In the long term, the energy sector needs coordinated and long-term cooperation to ensure that cybersecurity is a core tenet of clean energy.
Ensuring that cybersecurity remains a core tenet of the future clean energy grid will require close and frequent collaboration between the cybersecurity and energy grid communities over the coming decades.
Traditional public-private partnerships still don't routinely include representatives from large renewable energy and cloud companies, and cybersecurity governance and standards in particular still remain tied to the Department of Energy, CISA, and the White House National Cyber Office. It is widespread in many federal agencies, such as Director of the National Institute of Standards and Technology. However, from the aforementioned CISA and DOE Secure Architecture Program to the Advanced Cybersecurity Grants and Technical Assistance Program for Municipal Utilities, which aims to help small businesses, utilities, and cooperatives strengthen their cyber defenses; The beginnings of a suitable policy exist.

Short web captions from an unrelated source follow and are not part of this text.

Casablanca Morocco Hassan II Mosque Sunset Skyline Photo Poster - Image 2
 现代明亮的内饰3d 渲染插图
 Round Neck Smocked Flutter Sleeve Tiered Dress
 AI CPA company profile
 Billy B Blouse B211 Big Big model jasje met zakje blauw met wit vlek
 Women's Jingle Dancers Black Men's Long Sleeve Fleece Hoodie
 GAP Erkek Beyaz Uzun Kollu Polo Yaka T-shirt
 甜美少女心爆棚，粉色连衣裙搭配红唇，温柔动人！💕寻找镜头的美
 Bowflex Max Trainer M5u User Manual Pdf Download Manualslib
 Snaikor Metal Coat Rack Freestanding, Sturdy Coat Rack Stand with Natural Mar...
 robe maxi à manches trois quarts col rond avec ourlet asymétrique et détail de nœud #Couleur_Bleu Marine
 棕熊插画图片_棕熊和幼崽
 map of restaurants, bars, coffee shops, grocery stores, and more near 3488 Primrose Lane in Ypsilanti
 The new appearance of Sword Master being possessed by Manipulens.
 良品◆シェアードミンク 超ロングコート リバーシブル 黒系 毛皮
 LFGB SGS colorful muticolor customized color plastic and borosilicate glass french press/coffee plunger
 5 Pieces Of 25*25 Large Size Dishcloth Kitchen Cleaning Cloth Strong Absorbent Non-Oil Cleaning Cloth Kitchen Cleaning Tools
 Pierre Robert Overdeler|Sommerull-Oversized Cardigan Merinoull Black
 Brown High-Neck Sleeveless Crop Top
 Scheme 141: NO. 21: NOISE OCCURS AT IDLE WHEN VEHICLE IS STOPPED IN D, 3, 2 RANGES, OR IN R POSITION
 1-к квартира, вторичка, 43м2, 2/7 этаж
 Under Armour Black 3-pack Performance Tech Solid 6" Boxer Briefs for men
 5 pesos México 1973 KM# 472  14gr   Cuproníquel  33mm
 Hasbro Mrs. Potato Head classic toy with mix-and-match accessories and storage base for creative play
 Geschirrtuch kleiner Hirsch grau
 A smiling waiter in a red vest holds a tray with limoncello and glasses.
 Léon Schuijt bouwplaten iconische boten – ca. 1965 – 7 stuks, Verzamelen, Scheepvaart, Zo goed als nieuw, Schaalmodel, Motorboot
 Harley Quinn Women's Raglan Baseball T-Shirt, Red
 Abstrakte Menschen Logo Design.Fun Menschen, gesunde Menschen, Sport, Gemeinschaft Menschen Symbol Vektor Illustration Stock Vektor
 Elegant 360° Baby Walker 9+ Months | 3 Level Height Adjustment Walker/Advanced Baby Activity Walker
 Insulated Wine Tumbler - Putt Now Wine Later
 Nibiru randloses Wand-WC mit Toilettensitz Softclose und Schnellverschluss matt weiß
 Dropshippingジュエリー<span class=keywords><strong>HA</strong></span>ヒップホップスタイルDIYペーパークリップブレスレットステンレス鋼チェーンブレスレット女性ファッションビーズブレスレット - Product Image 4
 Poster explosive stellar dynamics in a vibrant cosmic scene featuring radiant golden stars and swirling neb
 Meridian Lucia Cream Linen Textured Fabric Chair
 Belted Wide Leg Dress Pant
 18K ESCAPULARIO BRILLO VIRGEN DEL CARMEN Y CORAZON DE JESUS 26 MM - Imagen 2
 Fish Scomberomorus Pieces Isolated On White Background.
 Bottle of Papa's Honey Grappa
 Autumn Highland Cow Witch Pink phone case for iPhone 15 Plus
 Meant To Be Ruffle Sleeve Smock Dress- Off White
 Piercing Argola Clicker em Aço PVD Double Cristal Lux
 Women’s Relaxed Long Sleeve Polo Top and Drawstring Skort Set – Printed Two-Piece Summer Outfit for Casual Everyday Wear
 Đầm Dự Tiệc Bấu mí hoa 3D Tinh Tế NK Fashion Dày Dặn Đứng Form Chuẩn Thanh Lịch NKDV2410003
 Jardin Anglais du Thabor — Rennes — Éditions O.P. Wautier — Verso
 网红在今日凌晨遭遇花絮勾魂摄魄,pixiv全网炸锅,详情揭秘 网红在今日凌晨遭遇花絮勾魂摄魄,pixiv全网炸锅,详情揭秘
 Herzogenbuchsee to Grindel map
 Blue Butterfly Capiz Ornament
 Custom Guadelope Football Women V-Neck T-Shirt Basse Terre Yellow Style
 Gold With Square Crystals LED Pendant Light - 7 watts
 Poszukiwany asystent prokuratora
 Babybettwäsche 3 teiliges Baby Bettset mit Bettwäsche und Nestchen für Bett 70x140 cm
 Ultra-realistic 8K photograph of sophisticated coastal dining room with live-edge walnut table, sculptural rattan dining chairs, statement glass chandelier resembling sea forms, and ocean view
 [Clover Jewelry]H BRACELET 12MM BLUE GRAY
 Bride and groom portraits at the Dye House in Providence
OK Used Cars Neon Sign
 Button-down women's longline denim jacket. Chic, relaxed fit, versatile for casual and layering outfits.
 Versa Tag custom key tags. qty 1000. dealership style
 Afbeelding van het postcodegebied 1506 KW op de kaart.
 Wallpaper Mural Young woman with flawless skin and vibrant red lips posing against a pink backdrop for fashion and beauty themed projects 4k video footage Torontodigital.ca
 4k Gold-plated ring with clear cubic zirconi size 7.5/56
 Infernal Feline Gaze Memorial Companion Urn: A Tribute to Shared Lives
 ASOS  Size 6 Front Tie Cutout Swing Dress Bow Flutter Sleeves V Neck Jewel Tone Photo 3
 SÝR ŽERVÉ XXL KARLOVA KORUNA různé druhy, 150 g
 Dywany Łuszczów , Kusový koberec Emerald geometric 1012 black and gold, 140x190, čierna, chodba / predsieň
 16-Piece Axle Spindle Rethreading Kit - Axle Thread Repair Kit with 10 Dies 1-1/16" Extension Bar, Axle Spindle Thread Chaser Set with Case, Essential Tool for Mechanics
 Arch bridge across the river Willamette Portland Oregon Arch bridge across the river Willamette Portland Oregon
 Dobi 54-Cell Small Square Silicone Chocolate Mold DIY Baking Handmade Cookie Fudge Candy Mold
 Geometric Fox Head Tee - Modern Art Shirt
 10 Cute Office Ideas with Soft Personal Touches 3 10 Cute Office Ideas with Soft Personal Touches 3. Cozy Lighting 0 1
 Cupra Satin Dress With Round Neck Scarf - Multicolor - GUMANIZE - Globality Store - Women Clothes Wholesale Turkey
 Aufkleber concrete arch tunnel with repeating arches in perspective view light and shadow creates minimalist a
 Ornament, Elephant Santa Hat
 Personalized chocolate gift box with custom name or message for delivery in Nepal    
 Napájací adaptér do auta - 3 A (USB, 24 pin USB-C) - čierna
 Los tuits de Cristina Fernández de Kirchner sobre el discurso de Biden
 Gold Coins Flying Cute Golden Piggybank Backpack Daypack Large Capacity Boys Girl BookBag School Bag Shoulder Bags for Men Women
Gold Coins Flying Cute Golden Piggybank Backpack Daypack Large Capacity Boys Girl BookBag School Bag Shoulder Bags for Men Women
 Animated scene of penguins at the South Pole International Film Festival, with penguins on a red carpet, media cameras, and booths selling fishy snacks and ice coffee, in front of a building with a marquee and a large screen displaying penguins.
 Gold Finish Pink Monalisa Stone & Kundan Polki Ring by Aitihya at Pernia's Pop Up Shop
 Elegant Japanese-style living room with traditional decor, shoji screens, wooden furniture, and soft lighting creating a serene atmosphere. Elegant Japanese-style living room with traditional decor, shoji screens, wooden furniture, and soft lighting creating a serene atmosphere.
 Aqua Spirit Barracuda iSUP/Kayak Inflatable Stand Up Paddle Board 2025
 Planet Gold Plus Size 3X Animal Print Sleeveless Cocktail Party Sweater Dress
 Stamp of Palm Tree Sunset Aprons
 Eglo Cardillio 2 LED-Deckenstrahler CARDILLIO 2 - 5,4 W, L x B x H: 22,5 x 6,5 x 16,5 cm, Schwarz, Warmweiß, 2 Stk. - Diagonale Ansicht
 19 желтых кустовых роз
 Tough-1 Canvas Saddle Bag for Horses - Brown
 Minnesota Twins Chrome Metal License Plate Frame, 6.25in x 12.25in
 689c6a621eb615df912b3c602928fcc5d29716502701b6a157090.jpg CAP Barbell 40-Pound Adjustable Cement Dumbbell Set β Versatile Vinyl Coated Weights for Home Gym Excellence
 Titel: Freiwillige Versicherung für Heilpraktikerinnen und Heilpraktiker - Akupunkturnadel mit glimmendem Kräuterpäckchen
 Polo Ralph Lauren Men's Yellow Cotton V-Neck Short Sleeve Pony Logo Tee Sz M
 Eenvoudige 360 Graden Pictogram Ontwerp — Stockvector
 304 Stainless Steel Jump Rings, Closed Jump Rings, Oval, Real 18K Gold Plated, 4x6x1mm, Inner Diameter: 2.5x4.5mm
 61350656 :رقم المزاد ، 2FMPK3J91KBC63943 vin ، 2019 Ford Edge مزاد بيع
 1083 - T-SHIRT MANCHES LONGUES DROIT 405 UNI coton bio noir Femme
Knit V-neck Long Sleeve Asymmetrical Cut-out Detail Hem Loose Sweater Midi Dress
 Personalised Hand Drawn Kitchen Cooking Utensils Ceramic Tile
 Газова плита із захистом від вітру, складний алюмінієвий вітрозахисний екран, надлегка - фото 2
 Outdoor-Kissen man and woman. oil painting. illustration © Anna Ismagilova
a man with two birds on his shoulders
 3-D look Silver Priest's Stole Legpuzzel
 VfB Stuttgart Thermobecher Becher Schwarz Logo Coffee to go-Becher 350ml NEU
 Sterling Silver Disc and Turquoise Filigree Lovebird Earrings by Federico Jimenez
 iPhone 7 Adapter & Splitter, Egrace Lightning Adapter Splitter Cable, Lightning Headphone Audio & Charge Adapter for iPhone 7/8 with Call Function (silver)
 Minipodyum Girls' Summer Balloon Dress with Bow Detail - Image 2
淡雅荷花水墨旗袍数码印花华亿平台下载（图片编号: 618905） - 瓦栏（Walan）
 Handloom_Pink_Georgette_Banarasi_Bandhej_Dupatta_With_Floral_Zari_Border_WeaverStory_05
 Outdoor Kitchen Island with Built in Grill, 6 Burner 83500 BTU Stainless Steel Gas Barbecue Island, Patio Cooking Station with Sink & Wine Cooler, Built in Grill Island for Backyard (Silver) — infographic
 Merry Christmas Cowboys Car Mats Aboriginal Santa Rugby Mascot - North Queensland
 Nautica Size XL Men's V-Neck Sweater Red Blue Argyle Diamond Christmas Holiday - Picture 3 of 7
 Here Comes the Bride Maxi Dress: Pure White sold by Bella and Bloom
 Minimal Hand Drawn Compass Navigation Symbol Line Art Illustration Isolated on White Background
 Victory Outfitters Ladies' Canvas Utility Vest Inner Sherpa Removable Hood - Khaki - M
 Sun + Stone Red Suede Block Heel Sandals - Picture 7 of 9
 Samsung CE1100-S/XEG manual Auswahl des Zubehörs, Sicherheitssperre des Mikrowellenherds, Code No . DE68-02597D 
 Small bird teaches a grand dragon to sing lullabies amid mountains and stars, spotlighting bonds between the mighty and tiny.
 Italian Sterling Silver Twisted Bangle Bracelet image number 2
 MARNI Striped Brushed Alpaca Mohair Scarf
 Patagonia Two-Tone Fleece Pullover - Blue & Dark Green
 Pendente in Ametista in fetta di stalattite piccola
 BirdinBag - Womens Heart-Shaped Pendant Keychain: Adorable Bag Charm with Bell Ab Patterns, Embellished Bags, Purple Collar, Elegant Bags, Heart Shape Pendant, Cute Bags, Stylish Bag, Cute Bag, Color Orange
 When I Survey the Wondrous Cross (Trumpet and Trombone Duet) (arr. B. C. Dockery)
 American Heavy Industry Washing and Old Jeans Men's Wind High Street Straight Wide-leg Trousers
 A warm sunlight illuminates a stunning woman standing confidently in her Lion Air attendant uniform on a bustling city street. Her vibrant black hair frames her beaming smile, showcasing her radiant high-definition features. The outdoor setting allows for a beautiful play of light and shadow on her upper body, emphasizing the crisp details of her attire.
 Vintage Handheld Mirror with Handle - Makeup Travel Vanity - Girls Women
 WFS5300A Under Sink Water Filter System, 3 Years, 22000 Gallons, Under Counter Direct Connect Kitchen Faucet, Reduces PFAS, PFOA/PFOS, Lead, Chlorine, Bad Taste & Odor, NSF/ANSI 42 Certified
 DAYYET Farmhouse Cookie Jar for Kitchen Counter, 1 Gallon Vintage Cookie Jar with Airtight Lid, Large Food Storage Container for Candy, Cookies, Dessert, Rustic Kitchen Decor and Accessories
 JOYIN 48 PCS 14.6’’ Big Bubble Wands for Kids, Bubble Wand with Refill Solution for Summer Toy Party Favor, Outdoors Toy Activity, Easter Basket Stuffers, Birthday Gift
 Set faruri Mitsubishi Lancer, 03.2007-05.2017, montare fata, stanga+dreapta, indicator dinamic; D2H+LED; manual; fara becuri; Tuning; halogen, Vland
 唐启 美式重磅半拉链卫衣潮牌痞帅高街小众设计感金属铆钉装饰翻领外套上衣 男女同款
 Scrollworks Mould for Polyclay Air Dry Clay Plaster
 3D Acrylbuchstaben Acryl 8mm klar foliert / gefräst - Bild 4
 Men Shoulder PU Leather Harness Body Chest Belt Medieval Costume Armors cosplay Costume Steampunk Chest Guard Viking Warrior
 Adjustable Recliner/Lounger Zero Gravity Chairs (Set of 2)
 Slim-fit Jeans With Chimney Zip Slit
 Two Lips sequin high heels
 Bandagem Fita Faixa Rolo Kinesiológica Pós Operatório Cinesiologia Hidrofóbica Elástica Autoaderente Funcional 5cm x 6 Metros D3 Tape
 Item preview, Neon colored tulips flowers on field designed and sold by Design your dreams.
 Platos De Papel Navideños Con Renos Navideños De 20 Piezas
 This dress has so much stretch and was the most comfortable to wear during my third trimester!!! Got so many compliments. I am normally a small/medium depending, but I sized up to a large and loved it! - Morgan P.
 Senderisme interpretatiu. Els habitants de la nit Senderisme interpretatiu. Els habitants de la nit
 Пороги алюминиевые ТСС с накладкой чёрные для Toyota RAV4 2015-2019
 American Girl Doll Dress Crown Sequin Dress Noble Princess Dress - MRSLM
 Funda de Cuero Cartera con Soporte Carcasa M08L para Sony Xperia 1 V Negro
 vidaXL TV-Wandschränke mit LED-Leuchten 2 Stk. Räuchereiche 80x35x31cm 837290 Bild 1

There are many challenges ahead, and we remain hopeful for a national collaboration between climate policy, energy, and cybersecurity experts. Only then can cybersecurity become an enabler of a clean energy future, rather than a barrier.
Sarah Powazek is program director at the Center for Long-Term Cybersecurity at the University of California, Berkeley.
Steve Kelly is Chief Trust Officer at the Security Technology Institute.